After a nearly two-year impasse, New Mexico’s Department of Game and Fish has issued a permit for the release of two Mexican gray wolves into the wild – under the condition that the federal government remove two wild-born wolves to captivity.
The permit signed this week grants the U.S. Fish and Wildlife Service the right to import two wolf pups fewer than 14 days old and place them into a wild den in New Mexico. The Journal obtained a copy of the document, titled “Importation Permit No. 4118.”
But the permit also requires that, for each wolf pup that is “cross-fostered” into a wild den, another wolf pup must be removed.
The permit comes just a week after a U.S. Court of Appeals reaffirmed Fish and Wildlife’s authority over the wolf program under the Endangered Species Act.
The 10th Circuit in Tucson on April 25 lifted an injunction, sought by Game and Fish, that temporarily prevented the federal government from releasing the wolves in New Mexico.
While the permit results in no net increase in the wild wolf population in New Mexico, fostering two wolves bred in captivity into a wild den could improve genetic diversity in the wild – one key goal of Fish and Wildlife’s wolf recovery program.
Michael Robinson, a wolf advocate with the Center for Biological Diversity in Silver City, called the permit “a sordid bargain.”
“Game and Fish, having just lost at the 10th circuit Court of Appeals, decided to bluff and demand things that they have no legal right to demand,” he said. “Maybe they are as surprised as I am that Fish and Wildlife actually acquiesced to this.”
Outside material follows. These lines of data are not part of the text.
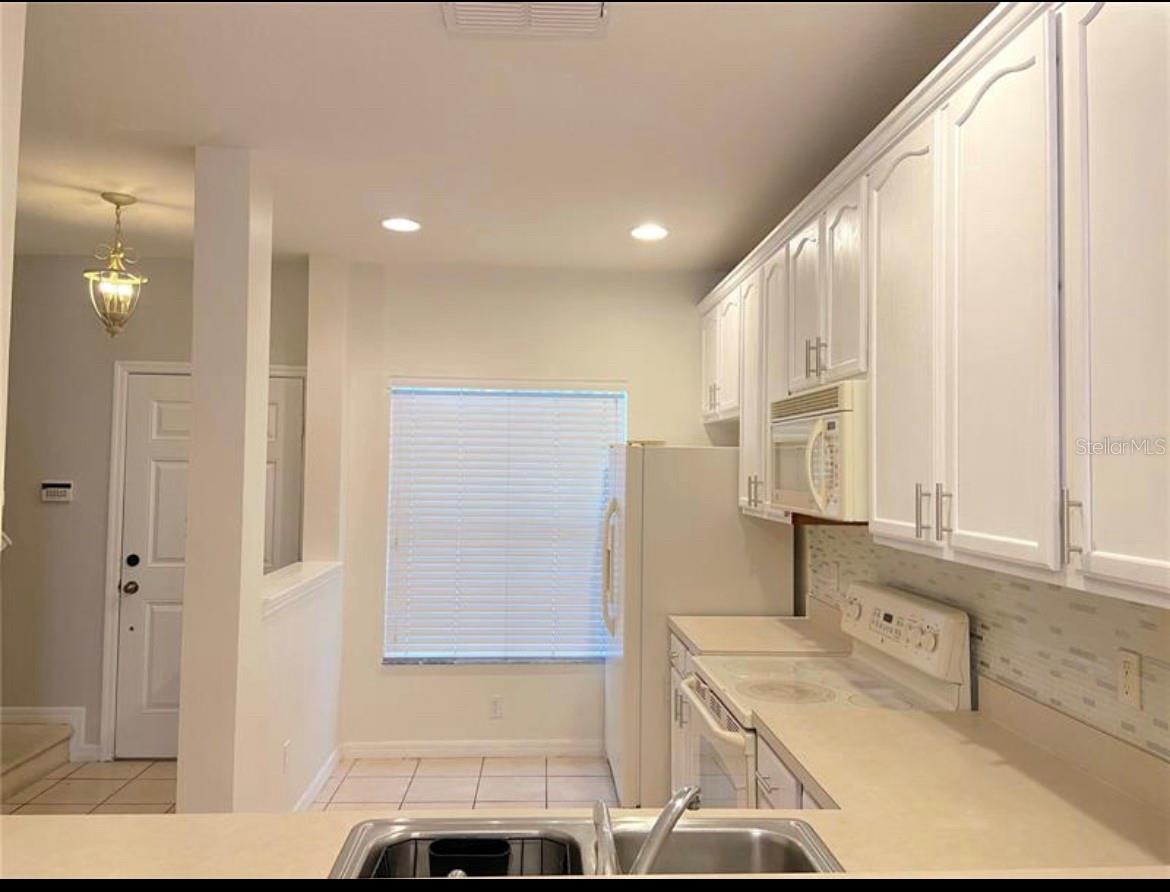 Image 16 of 16 For 10604 Savannah Wood Drive 84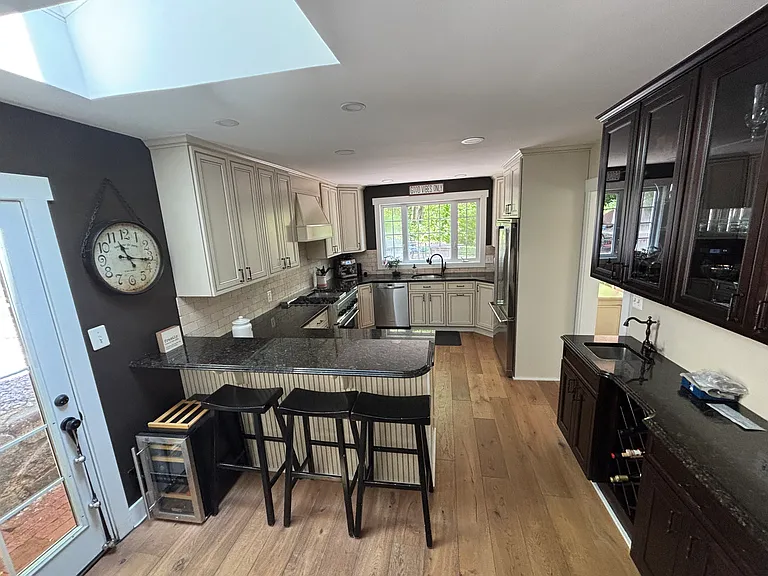 3700 N Edison St — Photo 5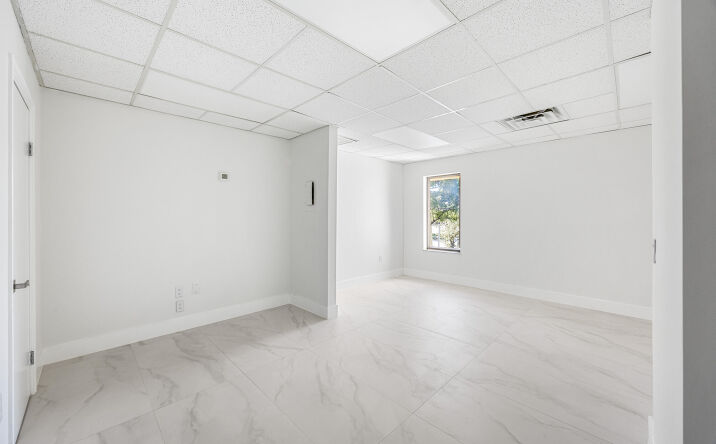 Pictures of Office property located at 150 NW 70th Avenue 07, Plantation, FL 33317 for lease - image #1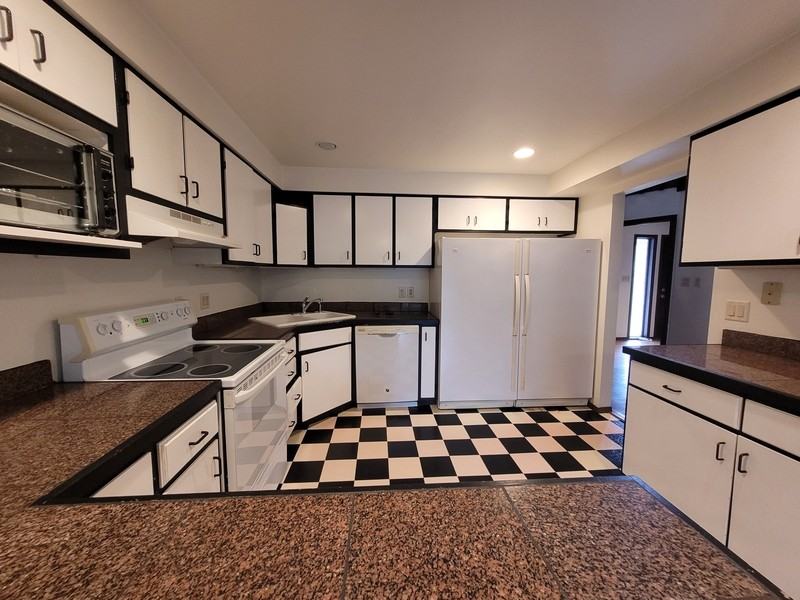 1401 N Birchwood Ave - Photo 5 of 14
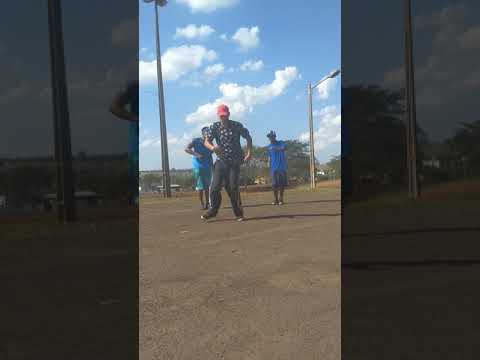 Passinho dos maloka - MC Danflin, MC Kitinho e MC Rafa 22 - Toma Porradão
A spokesman for Fish and Wildlife confirmed that a permit had been issued, but declined to comment further.
A Game and Fish spokesman did not respond Thursday to a request for comment.
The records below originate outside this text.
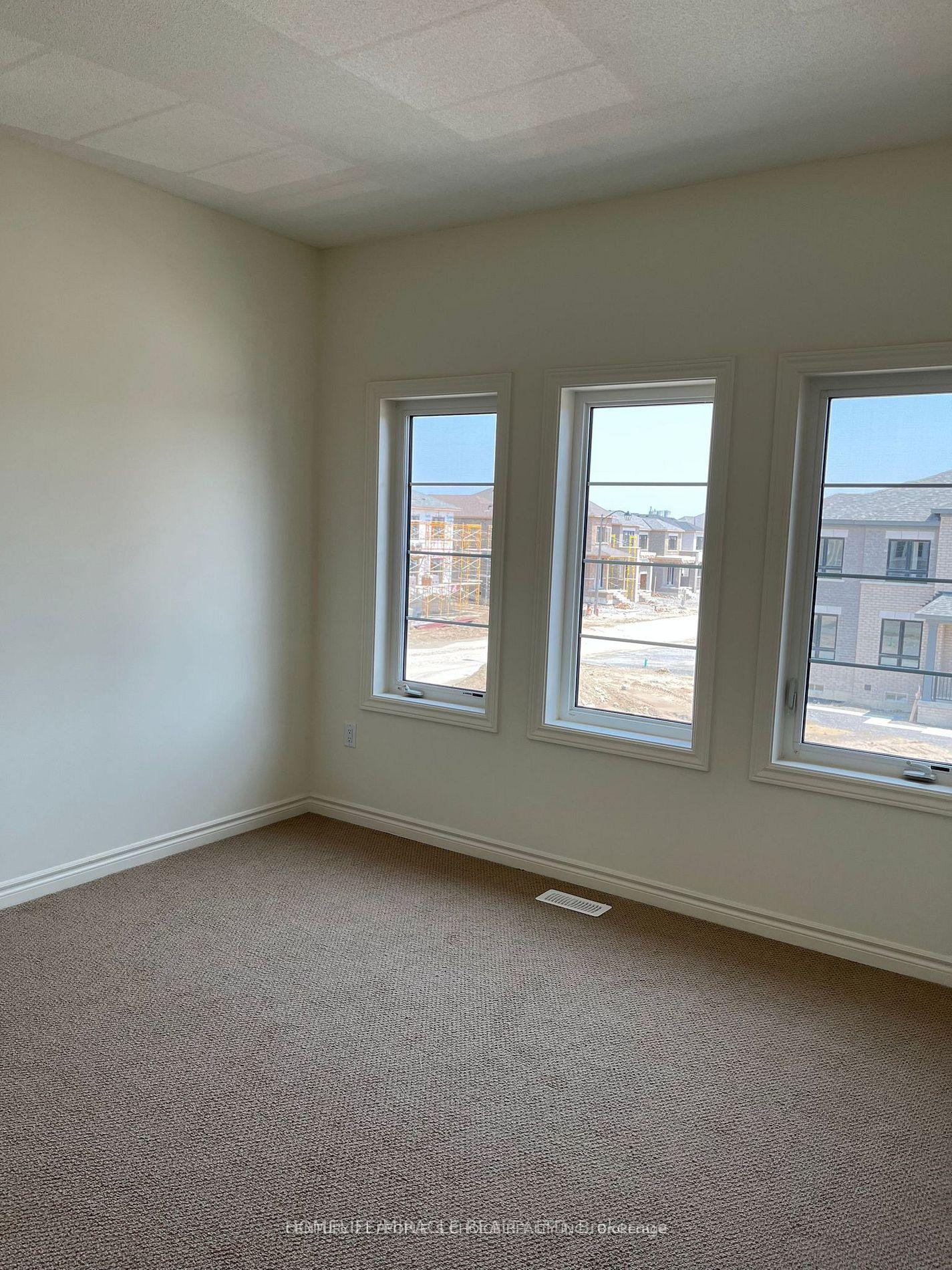 Photo 14 of 2144 Coppermine Street, Oshawa, Kedron — HOMEH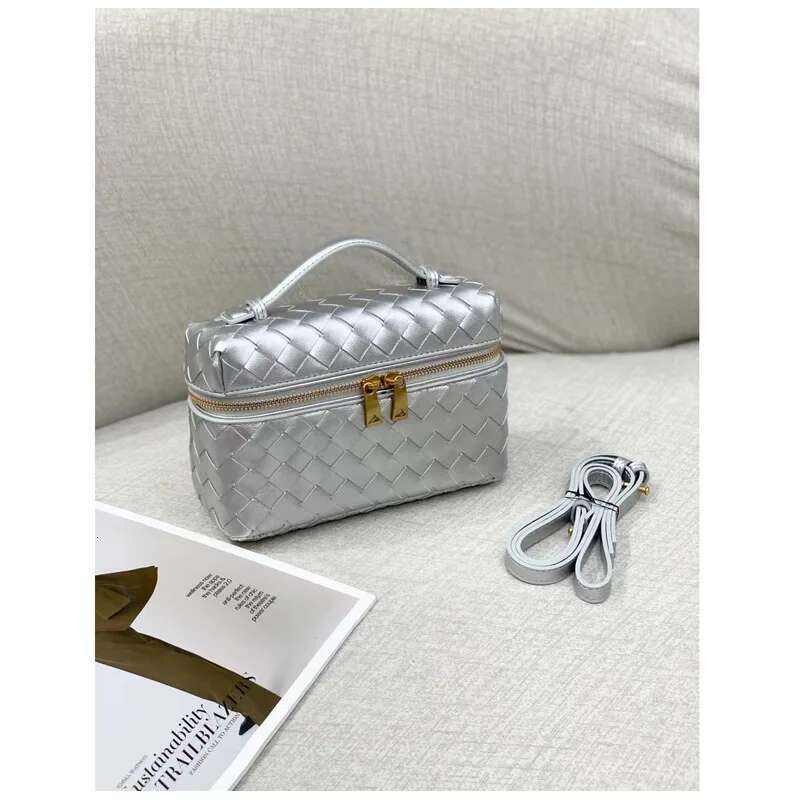 Women's Handmade Woven Box New Design Makeup Handbag 2025 Fashion Shoulder Handheld Crossbody Bag Evening Party Purse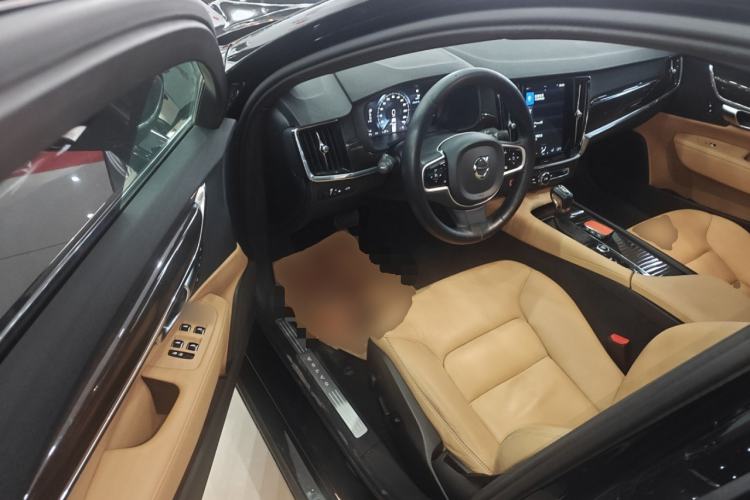 Used Volvo S90 2018 T4 Zhiyuan Edition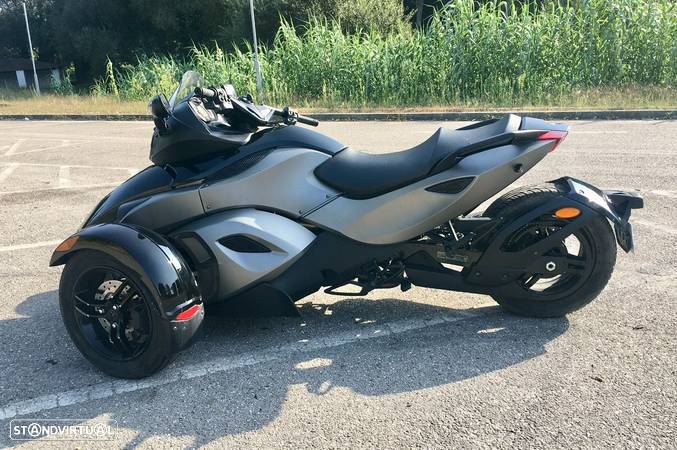 Bombardier CAN AM Spyder - 6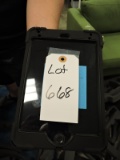 APPLE iPad Mini 5 -- Wifi - 64 GB Space - with Black Case - USED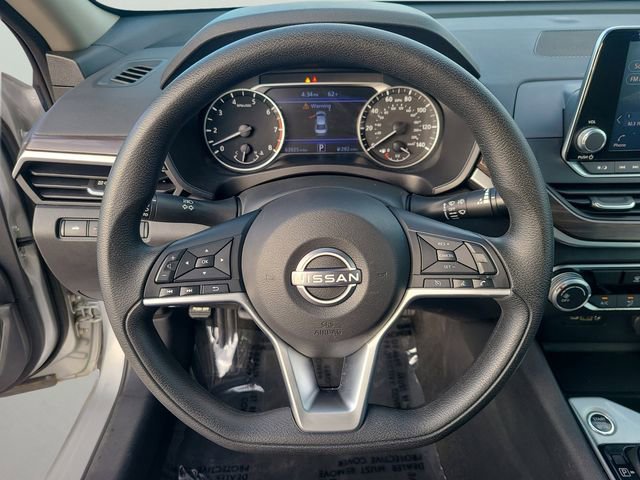 Used 2024 Nissan Altima 2.5 SV FWD image 26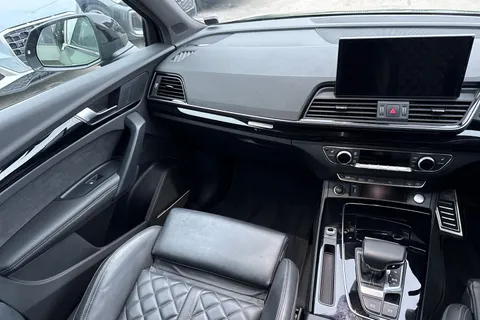 PN23NZA Audi Q5 Edition 1 40 TDI quattro 204 PS S tronic Thumbnail #19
The permit, which expires May 31, appears to cede authority over the wolves introduced under the permit to the state, Robinson said.
While the permit results in no net increase in the wild wolf population in New Mexico, fostering two wolves bred in captivity into a wild den could improve genetic diversity in the wild — one key goal of Fish and Wildlife’s wolf recovery program.
The permit states “that the animals brought into New Mexico under its provisions, and all their subsequent progeny, will be subject to state laws and rules.”
Ranchers who live in the wolf recovery area – in New Mexico, largely in and around the Gila National Forest – vehemently oppose the reintroduction of an apex predator – one at the top of a food chain upon which no other animals prey – in the area.
Wolves have been known to prey on cattle and a federal program meant to compensate ranchers for wolf predations doesn’t cover every suspected kill, ranchers say.
“I don’t think it’s fair for us,” said Laura Schneberger, president of the Gila Livestock Growers Association. “Nothing’s been fair for ranching. That’s all they’re doing is trading one set of genes for another, hoping they’ll create differently related wolves, a little less inbred. They are spending more on genetics than what they need to spend on mitigation.”
The wolf population nearly went extinct in the 1970s. Recovery managers have been struggling with improving the genetic diversity of a population descended from just seven wolves. It’s worse in the wild than in captivity, advocates say.
Bryan Bird, a wolf advocate with Defenders of Wildlife in Santa Fe, said, “The state is imposing unreasonable conditions.”
“It’s immoral to request for these puppies to be taken out of the wild,” he said.
There were 113 Mexican wolves in the recovery area in Arizona and southwestern New Mexico in early 2017. That was up from 97 wolves in the wild the prior year.